What's going on?
Dear oh Deere, shares of US agricultural equipment manufacturer John Deere rose by 2% on Friday despite the company delivering a quarterly profit that was below expectations.
What does this mean?
The US-China trade war has led to China imposing import taxes (a.k.a. tariffs) on US agricultural products like soybeans – but American farmers appeared largely unphased in the last quarter, replacing old machines and putting in orders for new ones (like a brand new combine harvester). But Deere’s quarterly profit was fallow – higher costs to transport its goods and rising prices of key materials aluminum and steel led the company to seek cost-cutting measures and raise its prices.
Why should I care?
For markets: Speaking of moving goods, enter A.P. Moeller Maersk.

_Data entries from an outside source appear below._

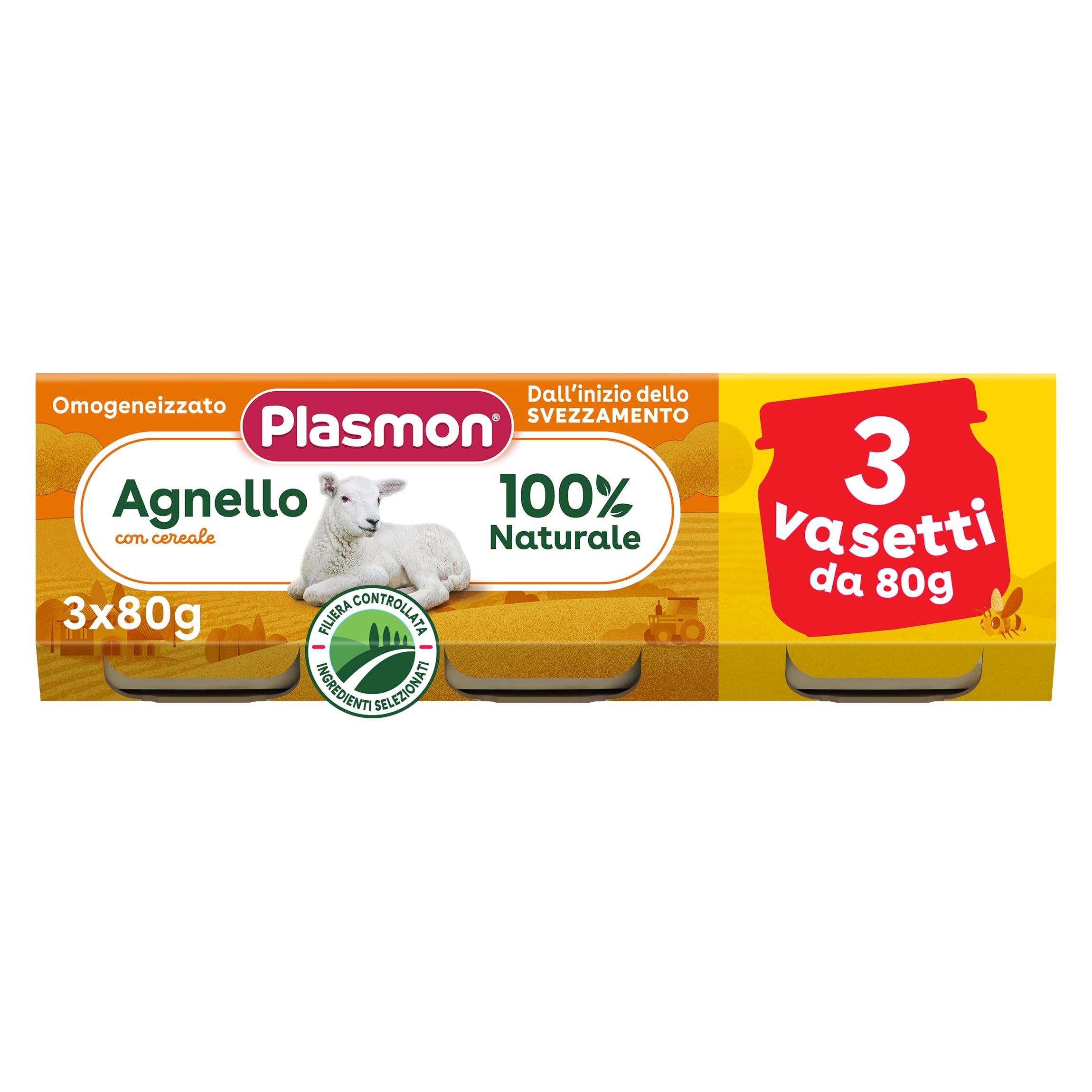 Plasmon Omogeneizzato Carne Agnello E Cereale 80 G, 24 Vasetti Con Carne Italiana, 100% Naturale, Senza Amidi E Sale Aggiunti, 24 x 80 g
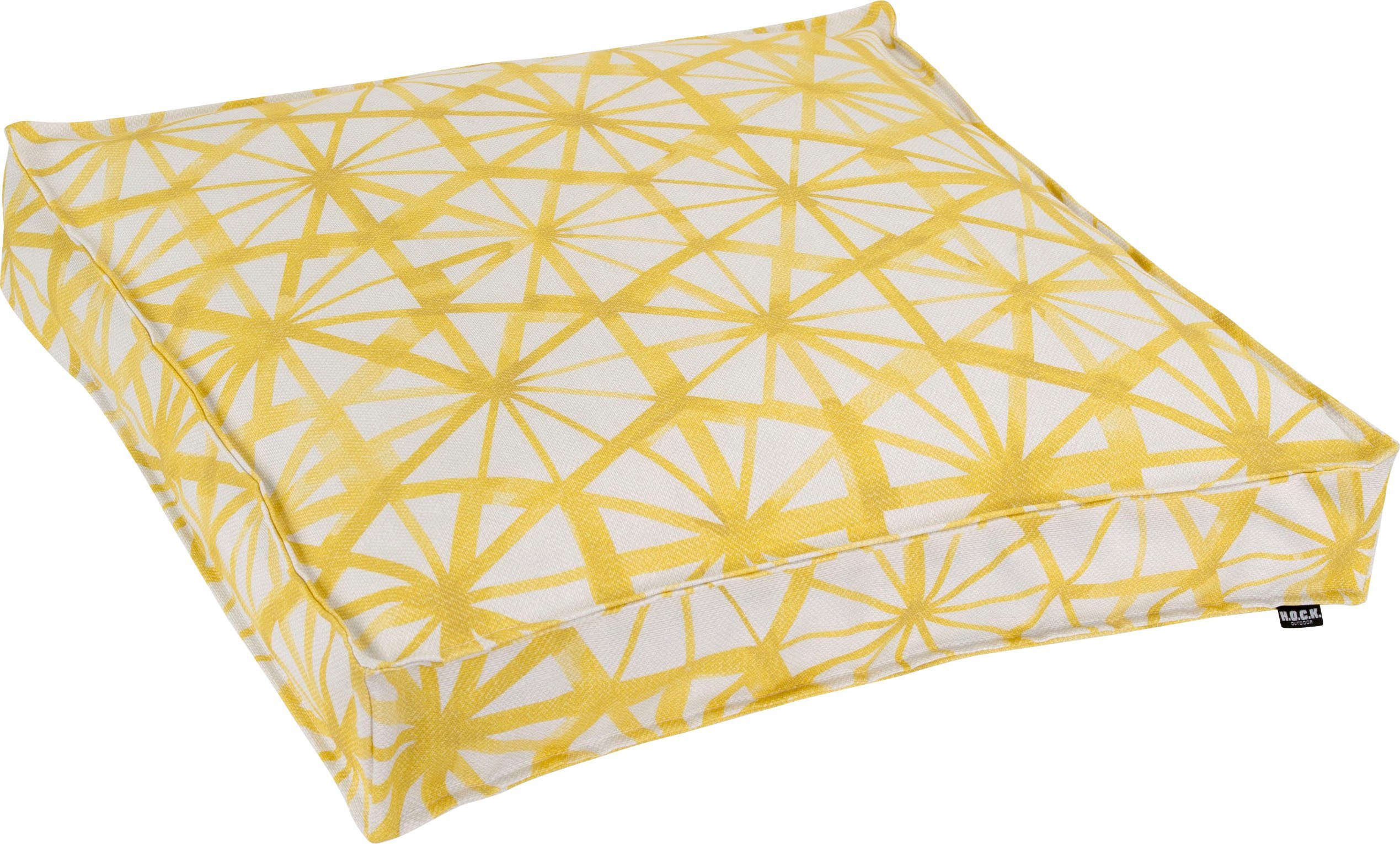 H.O.C.K. Bodenkissen Kami, mit geometrischen Muster gelb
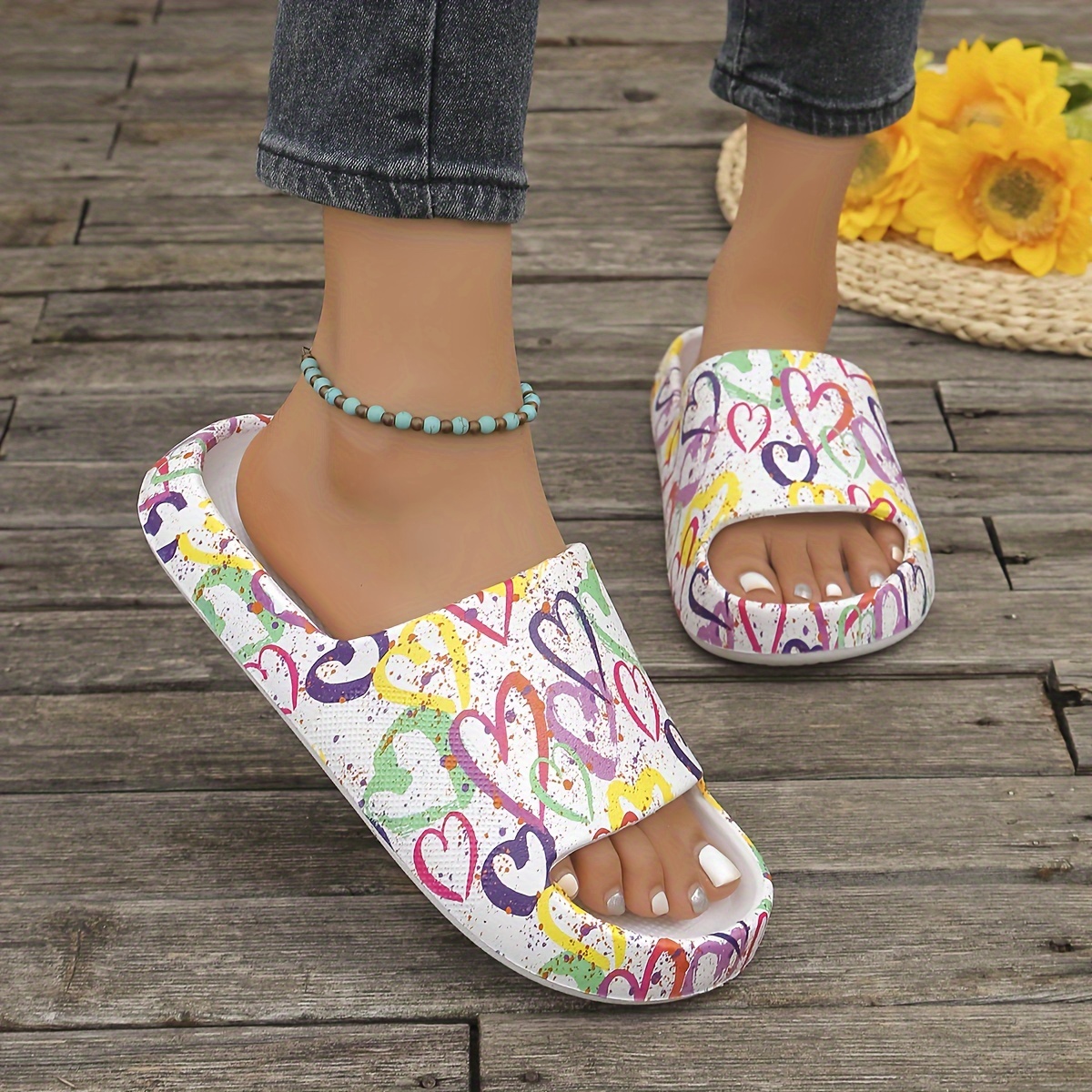 Women's Fashion -print Slippers, Casual, Comfortable, Slippers, Women Shoes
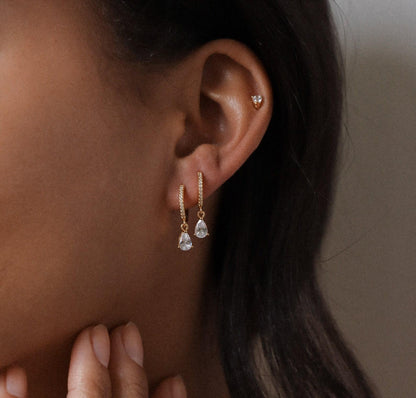 Pave Diamond Huggie Hoops and Dangle Earrings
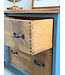 Vintage wood and steel sideboard with drawers
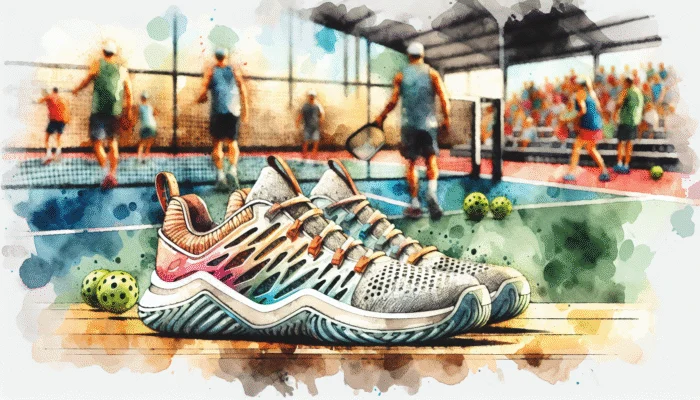 A pair of athletic Xero Shoes sits on a wooden bench in the foreground, with a pickleball court, players, and spectators blurred in the background. Several pickleballs are scattered near the shoes.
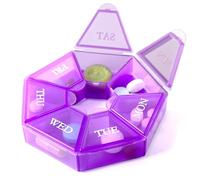 Deke Home - Small Weekly Pill Organizer, Round Pill Dispenser for Travel, Mini Pill Organizer, Compact Medicine Holder, Pill Sorters 7 Days, Portable Vitamin Container, BPA Free (Food Grade)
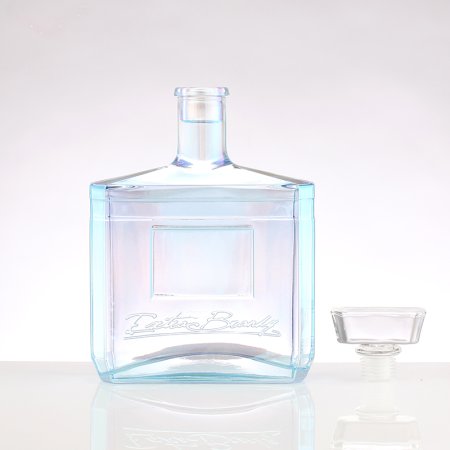 Blue Flat Square Glass Bottle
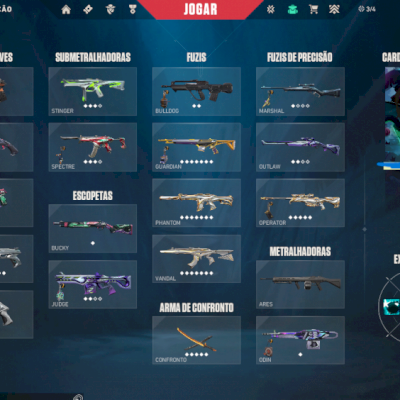 Conta do valorant com 5 vandal e 3 facas e 5 passes
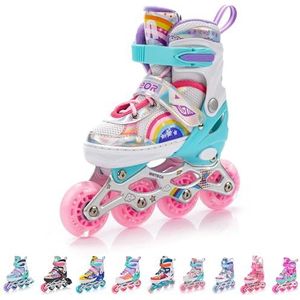 meteor® Inline Skates 4 in 1 voor Kinderen Jeugd Volwassen - Ideaal voor Jongens en Meisjes - Instelbare Maat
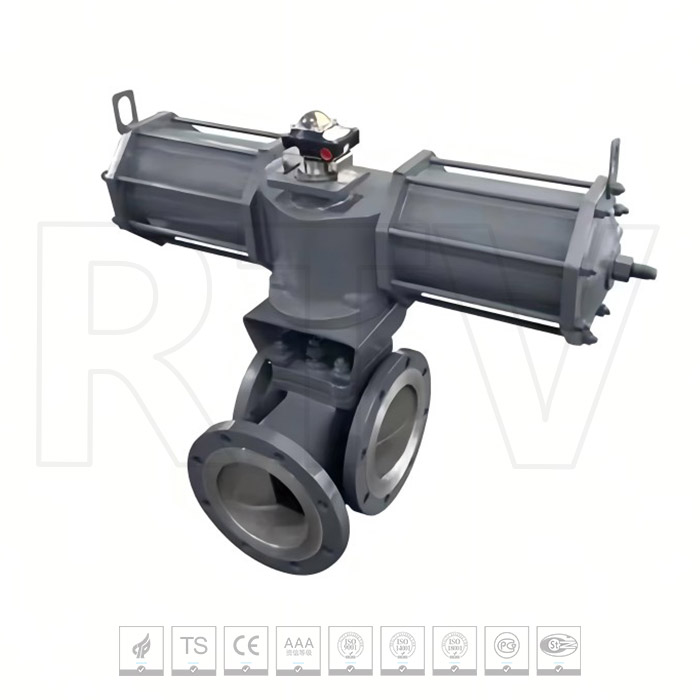 Pneumatic three-way plug valve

Last week, Denmark’s third-largest company, Maersk – which transports about 20% of the world’s consumer goods by sea – cut its expectations for profit in 2018, with higher fuel costs to blame. Maersk’s moved left while everyone’s gone right: on Friday, it announced plans to spin off its oil drilling business and sell down its stake in French oil company Total (at a time when oil firms are raking in the cash). Maersk is doubling down on its logistics, freight and shipping businesses, despite concerns that trade wars could derail the industry’s growth.
The bigger picture: Deere’s been shopping for growth and efficiency.
In December, Deere bought German road construction company, Wirtgen Group (you can’t get to the farm without a road to get you there) – which made up almost half of Deere’s sales growth last quarter. It also bought Blue River Technology, a firm that uses computer vision and artificial intelligence to make farming more efficient through more cost-effective spraying of herbicides to weed out… weeds from crops.